A remote control grass cutting machine (“Spider”) is to be tested on the steep Castle Banks on Thursday 27 July.
The structural stability of the banks due to rabbit warrens and the water uptake of some of the trees and the retaining wall at the bottom of the bank will be surveyed in September. Further work will include the inclusion of anchor points for remote controlled machinery and re-profiling of the banks, all to allow safe grass cutting.
The equipment which will be trialled at the castle on 27 August could potentially be used for other steep or difficult and inaccessible areas, once the results of the trial have been evaluated.
There will be consultation on the most effective way of maintaining the river banks.

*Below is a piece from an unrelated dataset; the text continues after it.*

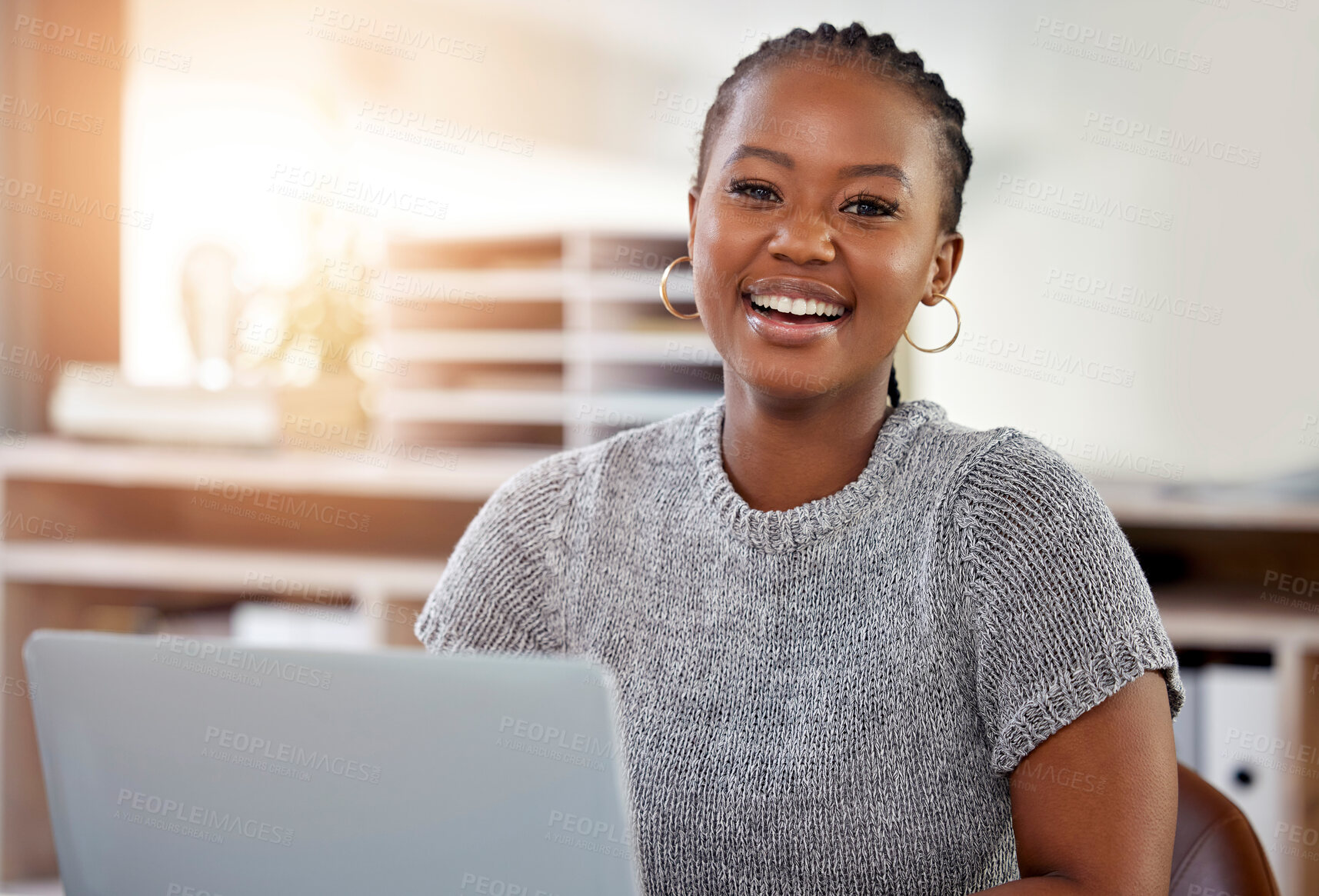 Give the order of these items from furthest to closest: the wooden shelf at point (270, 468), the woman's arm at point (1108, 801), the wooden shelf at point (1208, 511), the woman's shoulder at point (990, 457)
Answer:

There may be areas where grass cutting would be more beneficial, for example where visitors may want to sit by the river bank, and benefits of leaving the grass to grow in certain areas. This can encourage new species of flora and fauna such as wild flowers, butterflies, kingfishers and voles, and also help prevent erosion of the banks by absorbing surface water runoff from nearby roads and pavements.
Provost of Inverness Helen Carmichael said: “I am keen to see how the remote control machine works. It should make grass cutting much easier in inaccessible areas such as the castle banks and will vastly improve the look of the area.”
For 2018, the council is considering introducing a type of grass that is more easily managed in the longer term.